Und nun kommt das Kuriosum: Es kommen drei wichtige Funktionsträger des Werbellinseetreffens zu mir und sagen wie abgesprochen und im identischen Wortlaut, Gehrcke und ich hätten den Stalinpreis verdient wegen des „Lobs für Klaus Ernst“. Sie setzten mich sogar in die Nähe von Leuten, die irgendwelche Oden an Kim Il Sung geschrieben hätten. Fällt denn wirklich niemandem auf Eurer Seite auf, was der qualitative Unterschied ist, wenn man immer bei der Macht stehen möchte, oder wenn man - fast im Herzen eingebaut - den Reflex hat, bei Schwachen und Ohnmächtigen zu stehen? Klaus Ernst liegt am Boden. Die Medien trampeln auf ihm rum, er ist für den nächsten Parteivorstand faktisch abgeschrieben. Und er hat doch nach anfänglichen Fehlern auch Großartiges geleistet.

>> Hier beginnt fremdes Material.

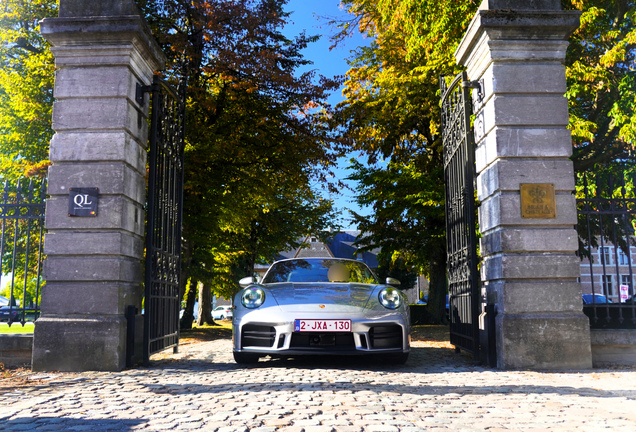 Porsche 992 Targa 4S MkII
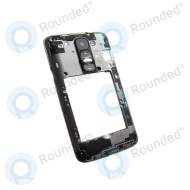 LG G2 Mini Back cover black ACQ87454302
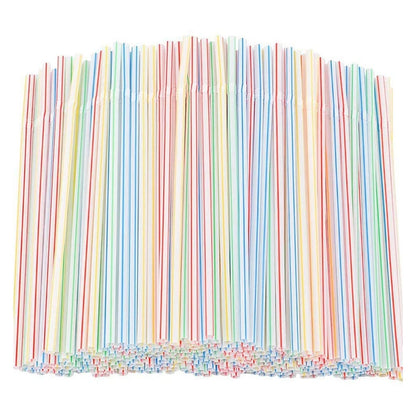 Colorful Drinking Straws – Wedding & Party Supplies, Kitchen Essentials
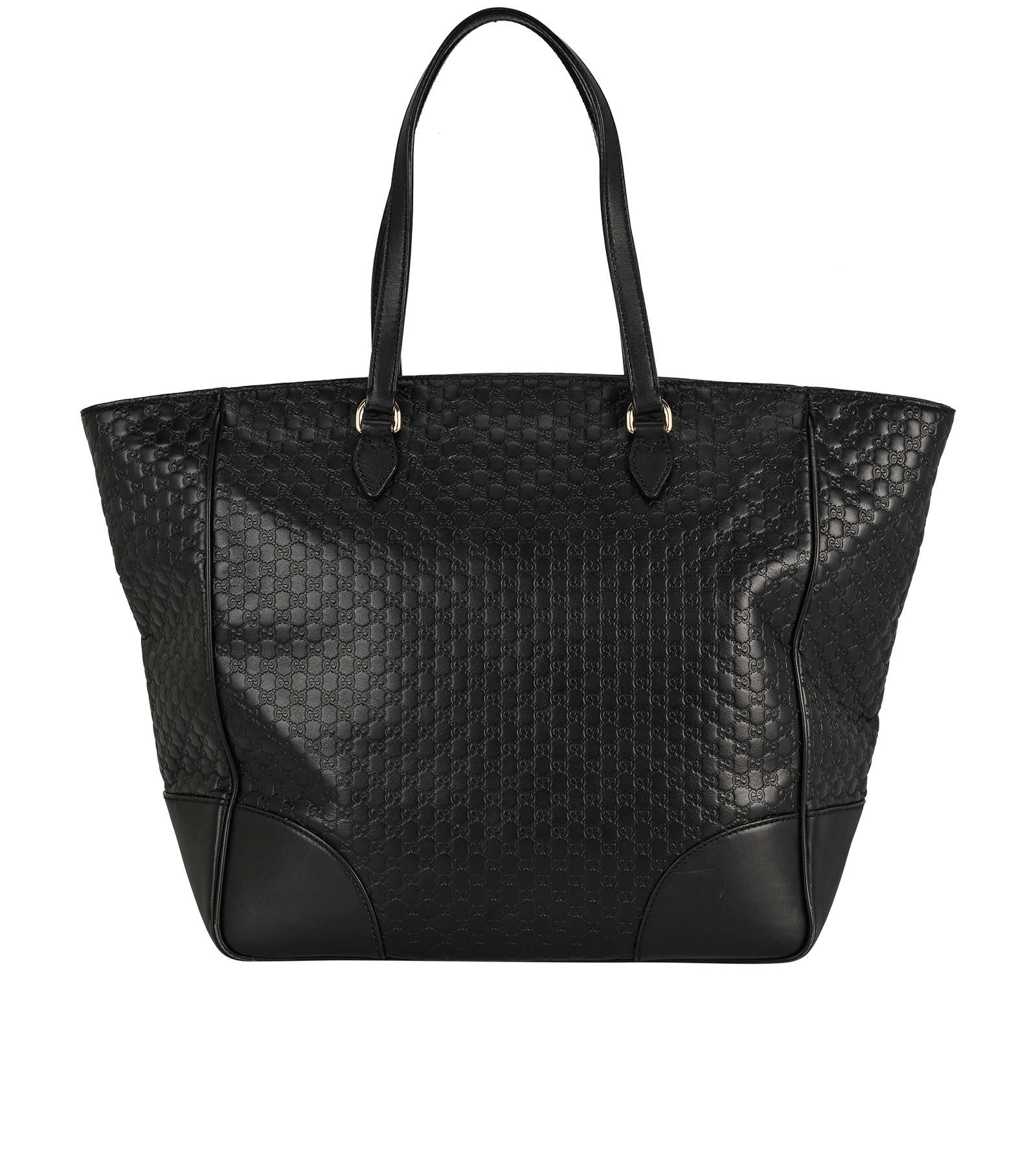 Bree Tote, &pound;650, Handbags, Black, Leather, Back view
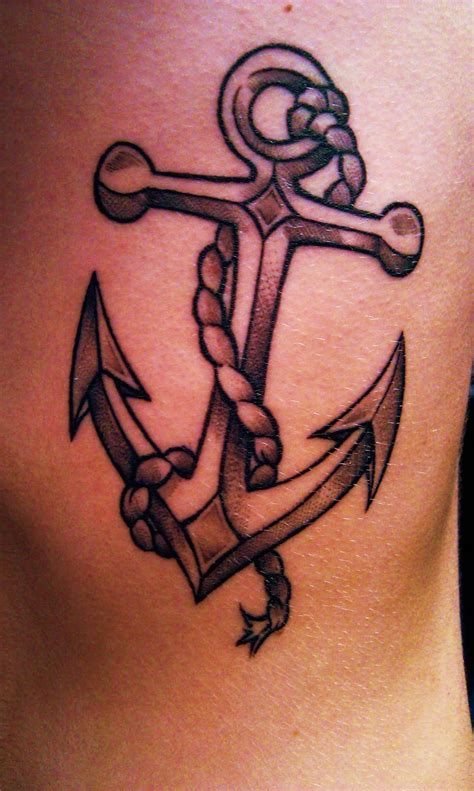 My Tattoo Designs Anchor Rose Tattoo
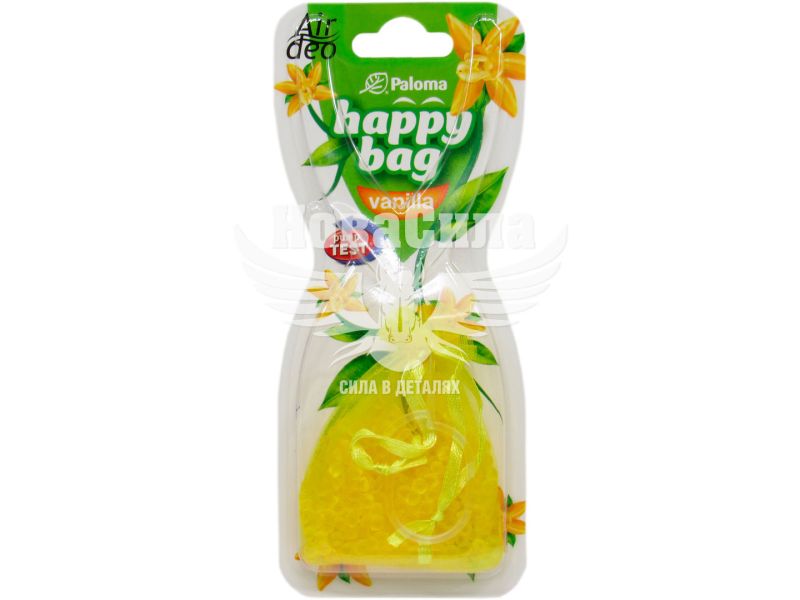 Ароматизатор (Paloma) Happy Bag Vanilla (гранули в мішечку) (78024)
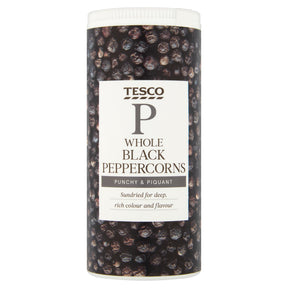 Tesco Whole Black Peppercorns 100 g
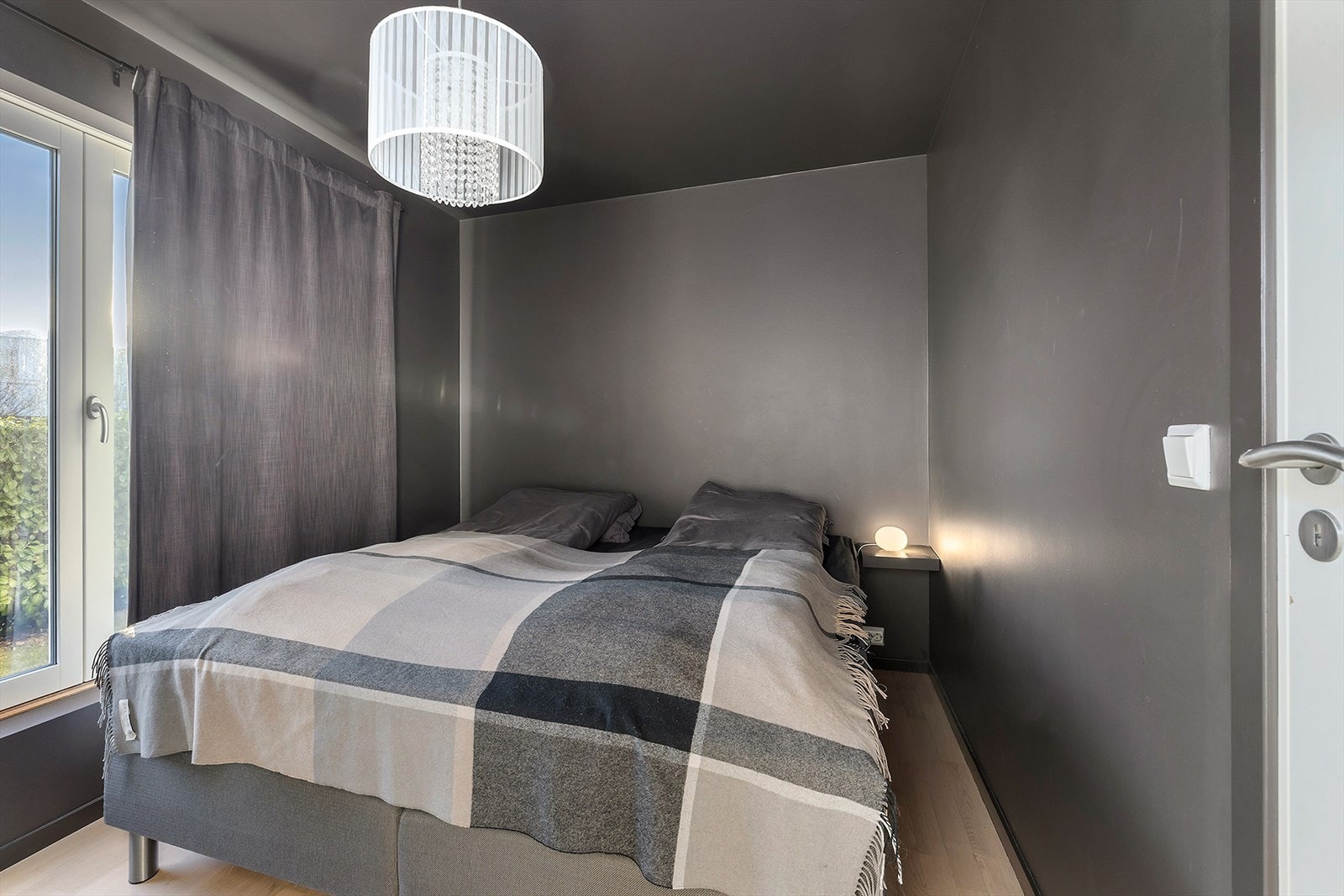 Det er to soverom i boligen. Galleribilde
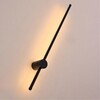 Миниатюра фото настенный светодиодный светильник arte lamp atmos a5409al-1bk | 220svet.ru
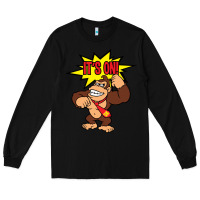 Donkey Kong Long Sleeve Tee | Teevron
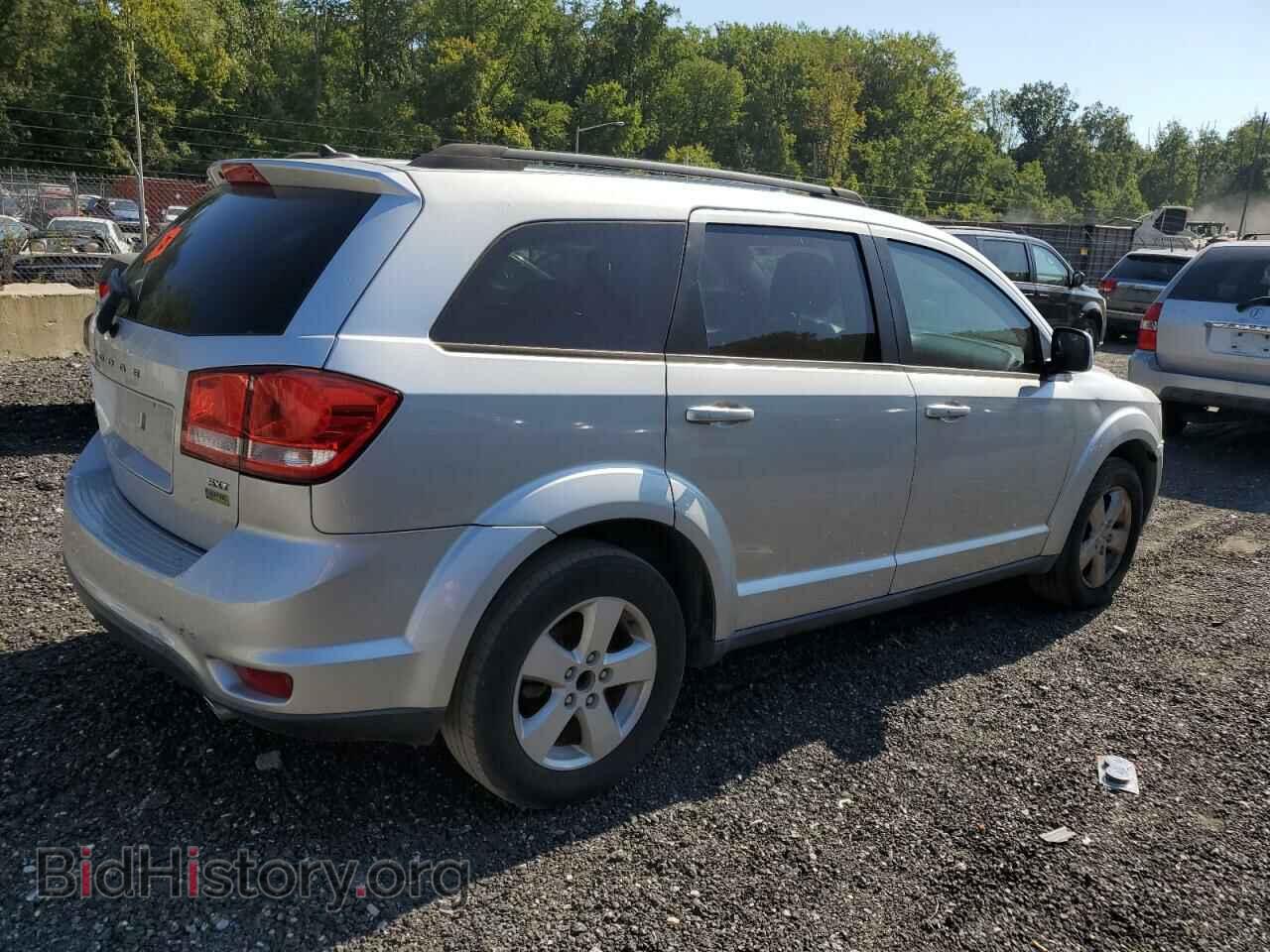 2012 DODGE JOURNEY - VIN: 3C4PDCBG8CT272415 - Фото 3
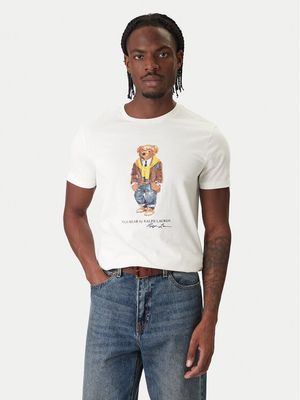Polo Ralph Lauren - T-shirt męski na lato ze sklepu: MODIVO w kategorii: T-shirty męskie - zdjęcie WP-EBWP-BKLVO-LN0_0000305785954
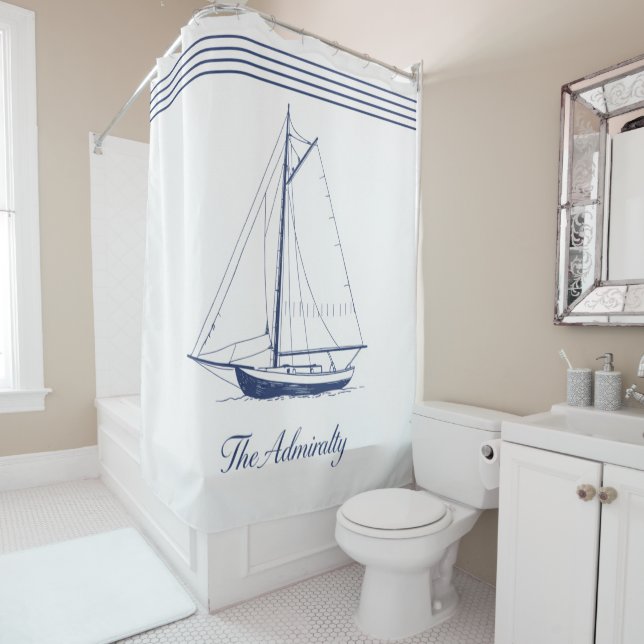 Cortina Para Box The Admiralty (In Situ)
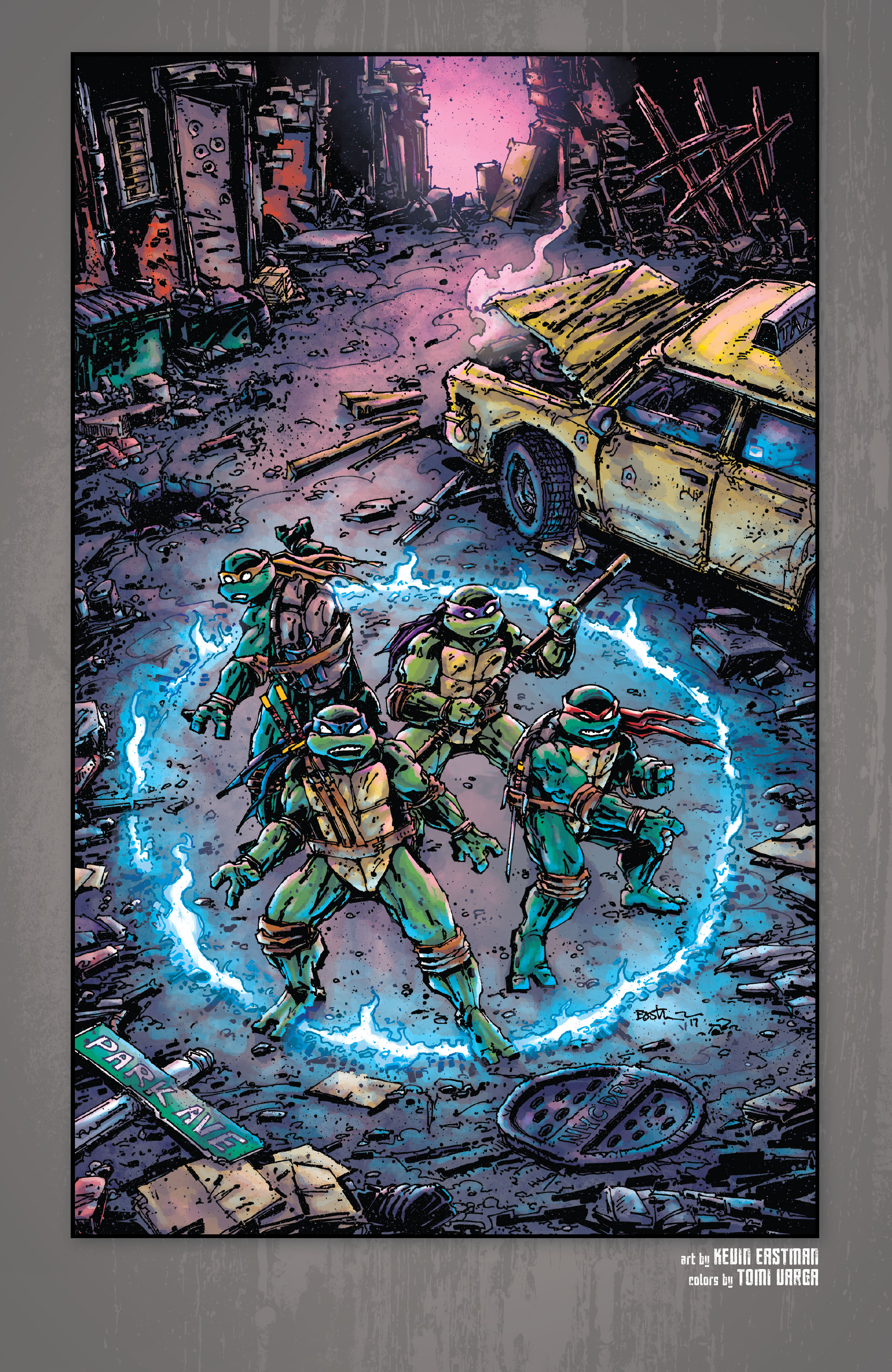 Read online Teenage Mutant Ninja Turtles: The IDW Collection comic -  Issue # TPB 11 (Part 1) - 81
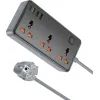 Сетевой фильтр питания BOROFONE BAC3A (6941991111464) изображение 5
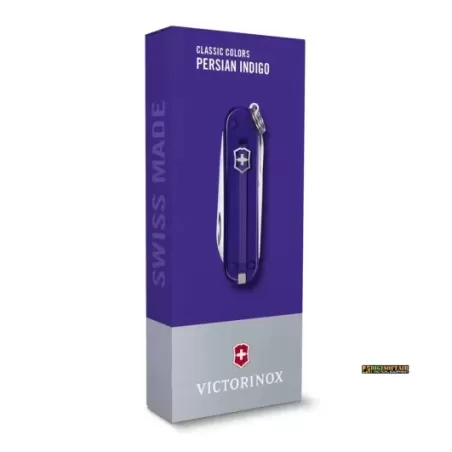 Victorinox Classic SD Trasparente Persian Indigo Victorinox Classic SD Trasparente Persian Indigo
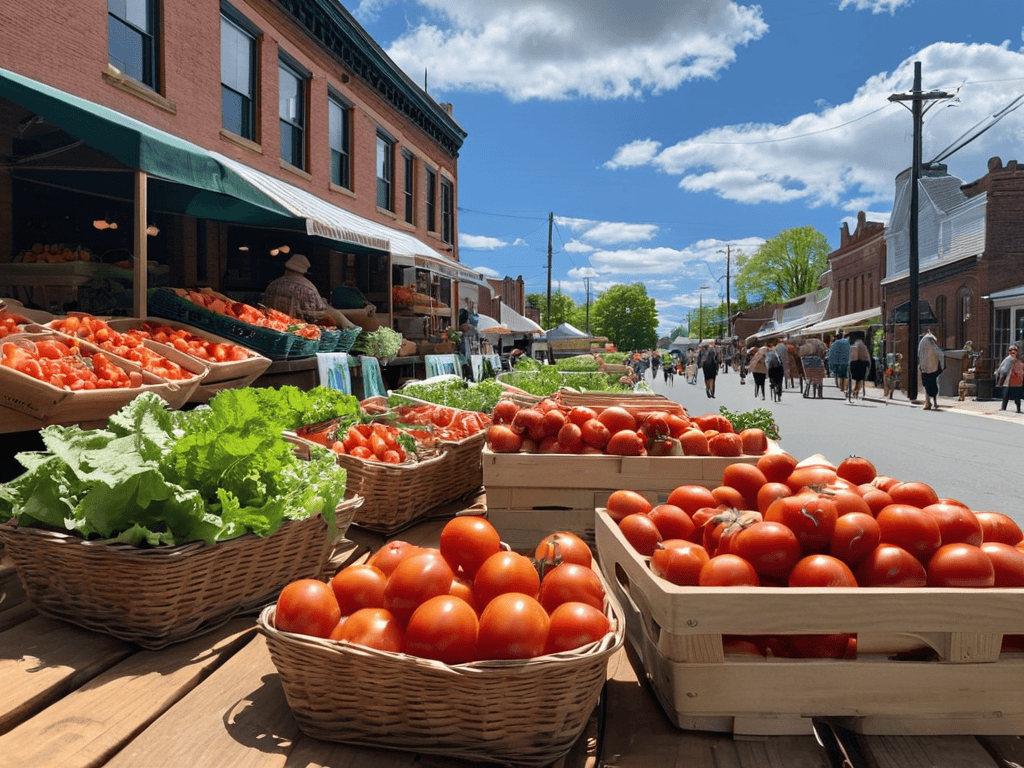 Hyper Local Sourcing fresh produce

Das beschreiben wir gegen den Medien-Mainstream.

 

Ist das nicht etwas ganz anderes, als vor irgendwelchen Parteiführern zu katzbuckeln, die über Staatsmacht und Medien verfügen? Haben die drei, die mich da als Stalinpreis-Verdächtigen angriffen (alles frühere Mitglieder der SED) wirklich gegen eine Staatsmacht vor 1989 rebelliert? Ich weiß es nicht. Aber ich weiß, dass Klaus Ernst nichts mit den Horrorgestalten Stalin oder Kim Il Sung zu tun hat. Das in die Nähe zu rücken, ist billige Provinzrhetorik, die den inneren Kern, die Beziehung zu Macht und Ohnmacht, völlig außer acht lässt. Das ist vielleicht meine größte Angst in Bezug auf Euer Lager, dass Ihr so arglos meint, den Tiger reiten zu können, die hiesige Macht, die SPD, den einen oder anderen SPIEGEL-Redakteur etc.

 

Ich schreibe das jetzt als 62 jähriger in dem Wissen, dass ich vielleicht nur noch eine kurze Zeit in politischer Funktion tätig sein werde. Aber Du bist ja wesentlich jünger und hast lange Zeit vor Dir. Versuche vielleicht, das zu übernehmen: Wenn man stark ist und Macht hat, dann ist der Zeitpunkt (und nicht, wenn das vorüber ist) die Hand auszustrecken mit anderen Positionen zu teilen und Andersdenkende, Unterlegene besonders einzubeziehen.

 

Eines habe ich jedenfalls in den 47 Jahren, in denen ich jetzt Parteipolitik und Kunst zusammen zu bringen versuche, gelernt: hinter fast allen Persönlichkeitsauseinandersetzungen, die die bürgerlichen Medien als reine Gockelei darstellen, steckt ein Richtungsstreit. Nicht immer ein Richtungsstreit der intellektuell ausformuliert ist, aber einer von Haltungen und Kulturtechniken. Und ein Großteil dessen, was an Vorbehalten gegen Deinen Freund Dietmar besteht, hängt damit zusammen, dass in seiner Amtszeit auch die Stellenbesetzungen und Abteilungsleiter im Karl Liebknecht Haus einer antikapitalistischen Strömung, die mindestens die Hälfte unserer Parteibasis ausmacht, niemals geöffnet, sondern diese mit teilweise auch sehr rigiden Mitteln ausgegrenzt und unterdrückt wurden. Mit der Verhöhnung für die Ausgegrenzten: „Wir sind doch eine Familie! Keine Strömungspolitik“.

 

Versuche Du es, wenn Du in einer entsprechenden Funktion bist, anders. Du könntest es. Und du weißt, dass wir in Niedersachsen auf dieser Basis eine Zeit lang recht konstruktiv hatten kooperieren können. Ich habe immer versucht in Niedersachsen talentierte Andersdenkende zu fördern, egal ob sie rechts oder links von mir standen. Und vielleicht können wir in Zukunft Fehlervermeidungsprogramme auflegen, die dann solche Frontstellungen, wie gegenwärtig in unserer Partei, von vornherein vermeiden helfen.